Exercise instructions: The reply needs the lines from the one containing "230 Logging Rd — Photo 9" through the end of the material, each repeated exactly, and no pictures.

Supplied material:
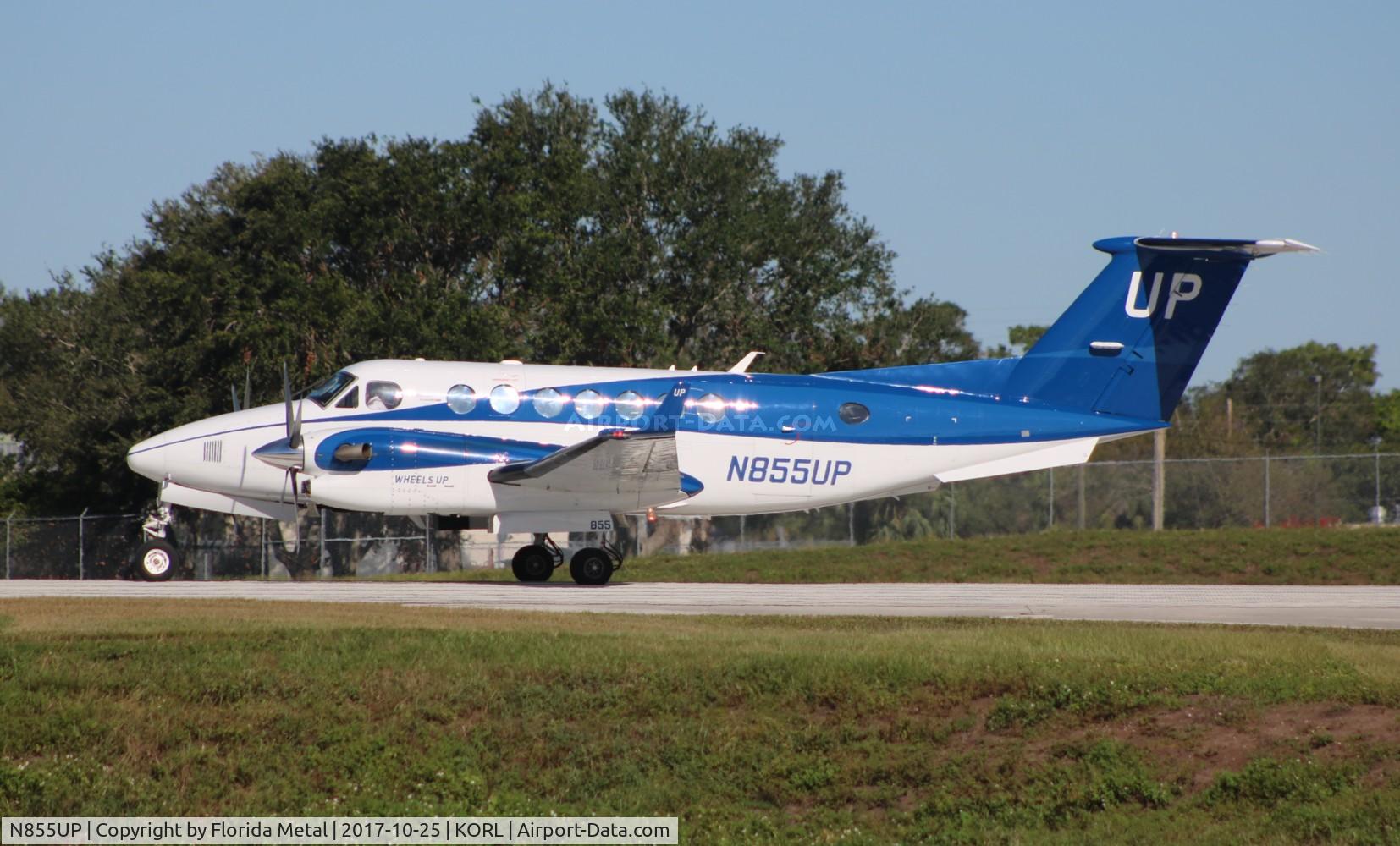 N855UP, 2015 Beechcraft Super King Air 350 (B300) C/N FL-1024, Wheels Up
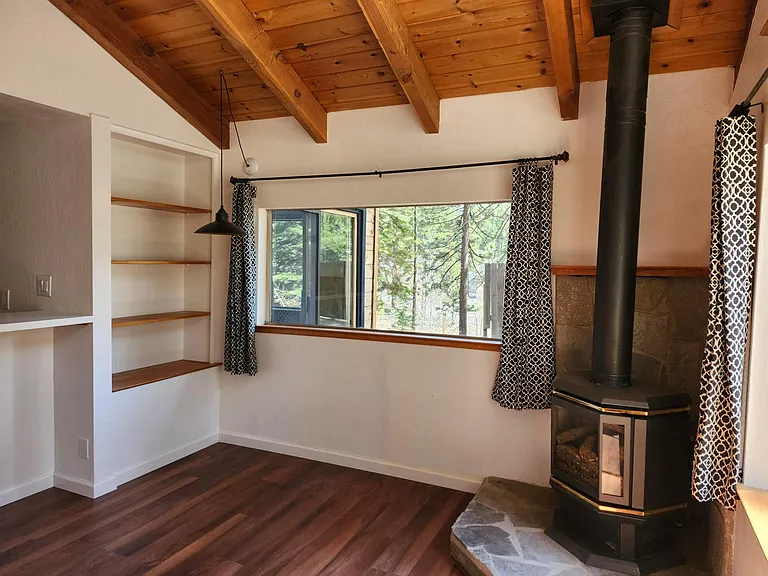 230 Logging Rd — Photo 9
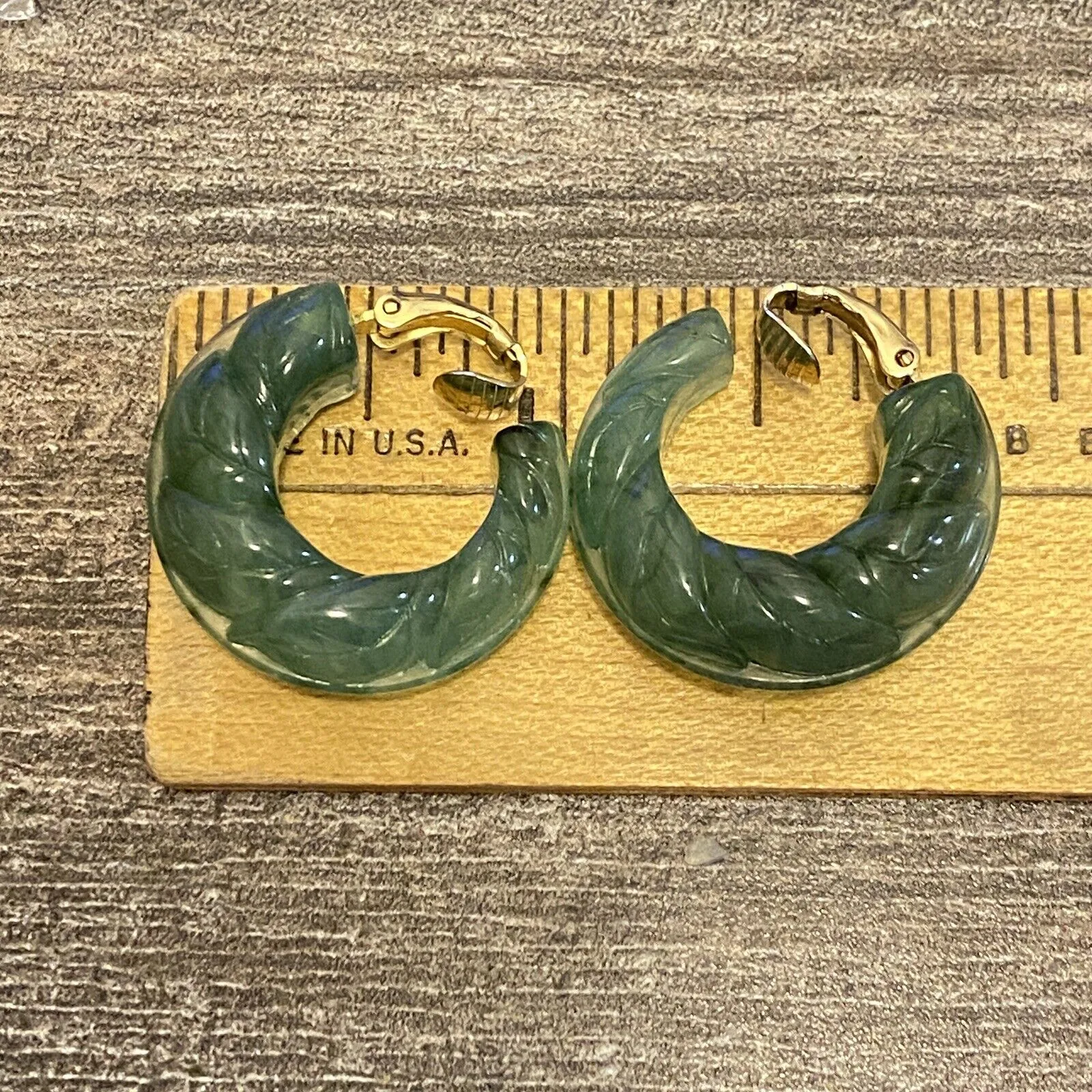 Vintage Avon Clip On Earrings Carved Green Leaves Goldtone Hoops Old Money Lucky - Image 6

Response:
 230 Logging Rd — Photo 9
 Vintage Avon Clip On Earrings Carved Green Leaves Goldtone Hoops Old Money Lucky - Image 6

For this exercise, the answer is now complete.